In January 1921, Prime Minister David Lloyd George appointed Winston Churchill Secretary of State for the Colonies, commonly referred to as the Colonial Secretary, with special responsibility for Britain’s two Mandates, Palestine and Mesopotamia (Iraq).

Lloyd George explained that in both places Churchill’s main purpose was to reduce the cost of administering those distant and largely desert regions. With regard to Palestine, there was a second objective, no less important for the British Government. It was to carry out the terms of the Balfour Declaration and facilitate the establishment of a Jewish National Home.
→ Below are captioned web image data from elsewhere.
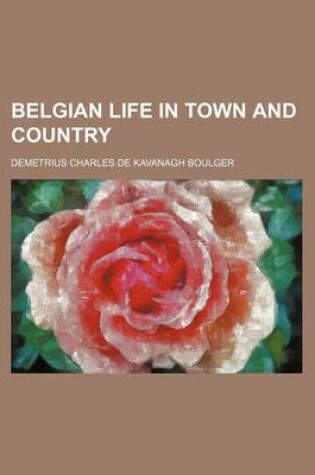 Cover of Belgian Life in Town and Country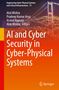 Oben stehen die Editorennamen: Atul Mishra, Pradeep Kumar Arya. Großtext: "AI and Cyber Security in Cyber-Physical Systems". Unten ein Brückenbild., Buch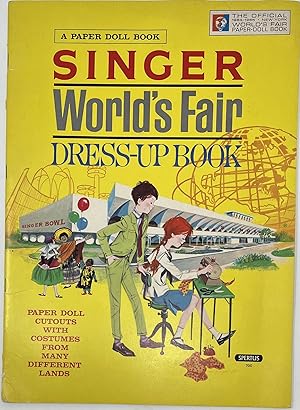 Peter and Wendy Dress Up for the New York Worlds Fair, Official Edition, Paper Doll Cutouts with...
Churchill’s official trips as Colonial Secretary to accomplish Lloyd George’s directives included a memorable eight-day visit to Palestine in 1921.

Origins of British Administration of Palestine

Britain’s administration of Palestine was assigned by the League of Nations in the Mandate for Palestine in 1920. The mandate document encompassed the territories of Palestine and Transjordan, the lands west and east of the River Jordan respectively, both of which had been conceded by the Ottoman Empire following the end of the First World War in 1918. The mandate was given to Britain at the San Remo Conference of former wartime allies in April 1920.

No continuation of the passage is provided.